New to process mining? See this article for an overview of how it differs from traditional analytics.
As usage of systems grows and behaviours settle, the data and overall picture will naturally fill in. Some upfront groundwork will be required to connect systems and ensure you're recording what matters, but the objective is not to wait for perfect data. It is to ensure that as system usage increases, the insights can be surfaced quickly. This is what allows teams to stay close to what is actually happening, rather than relying on assumptions or delayed signals.
When Missing Data Is Insight
If the expected data is not there, that absence is itself a signal. It may indicate that users are bypassing the intended workflow, that a system integration is not functioning correctly, or that behaviour has not yet aligned with design. During a system rollout or a push to change how an existing system is used, this is precisely when that signal matters most.
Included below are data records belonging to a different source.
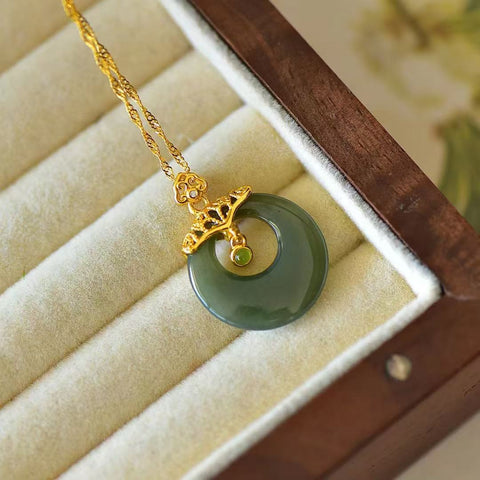 3299Q-2 Set Kalung Jepitan Putri Jasper Alami dari Perak 925 Ukuran 20 * 20mm Giok halus dan hangat Termasuk ongkos kirim dan pajak.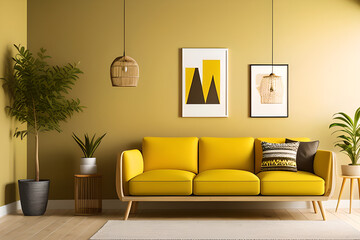 Cozy home interior with wooden furniture on yellow background, empty wall mockup in boho decoration. Side view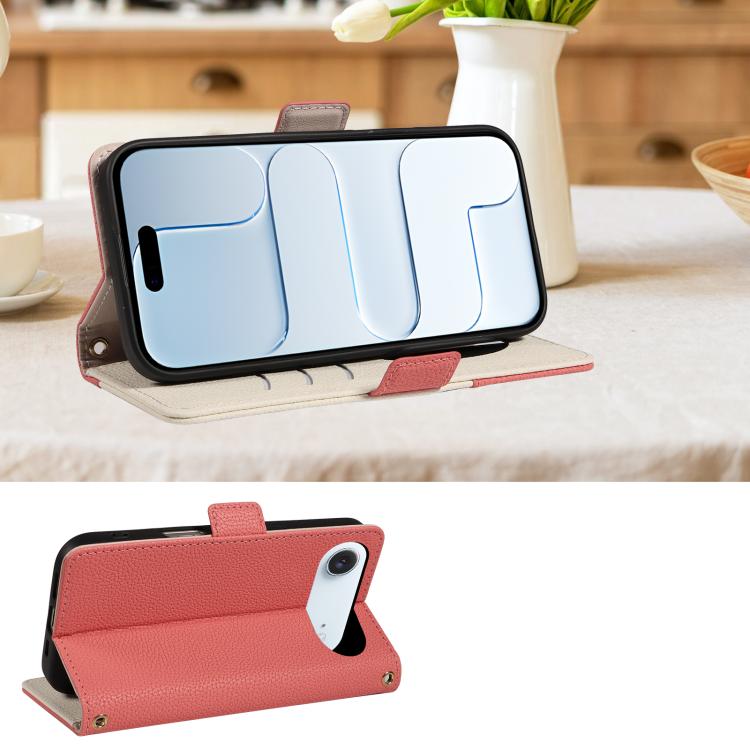 For iPhone Air Litchi Texture Wallet Mirror Leather Phone Case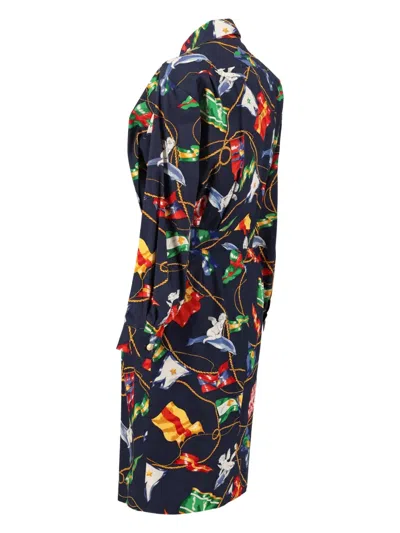 Pre-owned Hermes 1900 Patterned Dress In Blue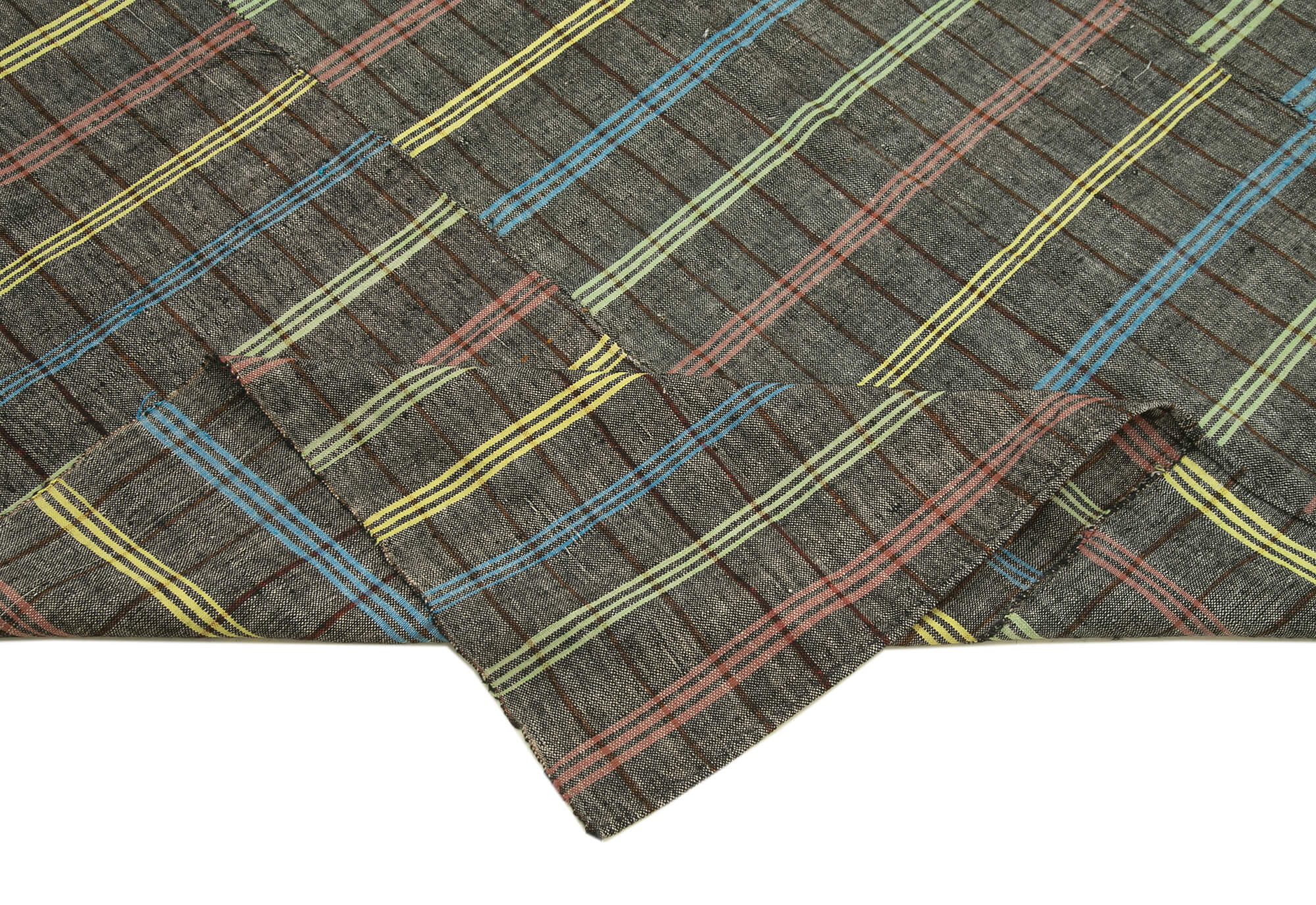 Striped Kilim Beyaz Çizgili Pamuk Yün El Dokuma Halısı 186x235 Agacan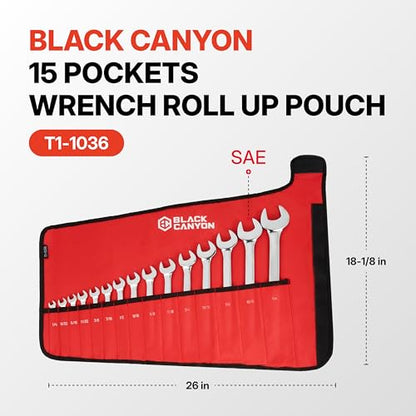 BLACK CANYON Wrench Roll Up Pouch, Waterproof, Wear-Resistant, Wrench Roll with Handle, Wrench Organizer for Manufacturing, Construction - size: 15 Pockets SAE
Waiting until adoption has stabilised removes the opportunity to address these signals early. A CRM that is only partially adopted, an ERP in its first months of go-live, a process shifting post-merger: these are not reasons to delay analysis. They are precisely when insight is most valuable.
Setting completeness as the threshold for starting creates a false barrier. Systems are rarely perfectly adopted, and data is rarely complete. The real strength of process mining lies in helping teams make sense of an evolving reality, and missing data is part of that story.
When Bad Data Is Also Insight
The same principle applies when data is present but wrong. If timestamps don't make sense, if status updates are inconsistent, or if the process flow looks illogical, that reveals where attention is needed. If a system is meant to be the source of truth between teams and data is not being recorded correctly, the business cannot operate effectively.
Process mining can also show you how people respond to bad data: the corrections, resubmissions, and workarounds that create rework. Those patterns point directly to where cleanup efforts should be focused.
Final Thought
A key benefit of process mining is not just analysing what has happened, it is staying close to what is happening.
Waiting for better data feels cautious and responsible. In many cases, it is neither. Missing data reveals where behaviour hasn't landed. Wrong data reveals the problems it creates. Both are signals, not obstacles.
The greater risk is not starting with imperfect data… it is choosing not to look at all.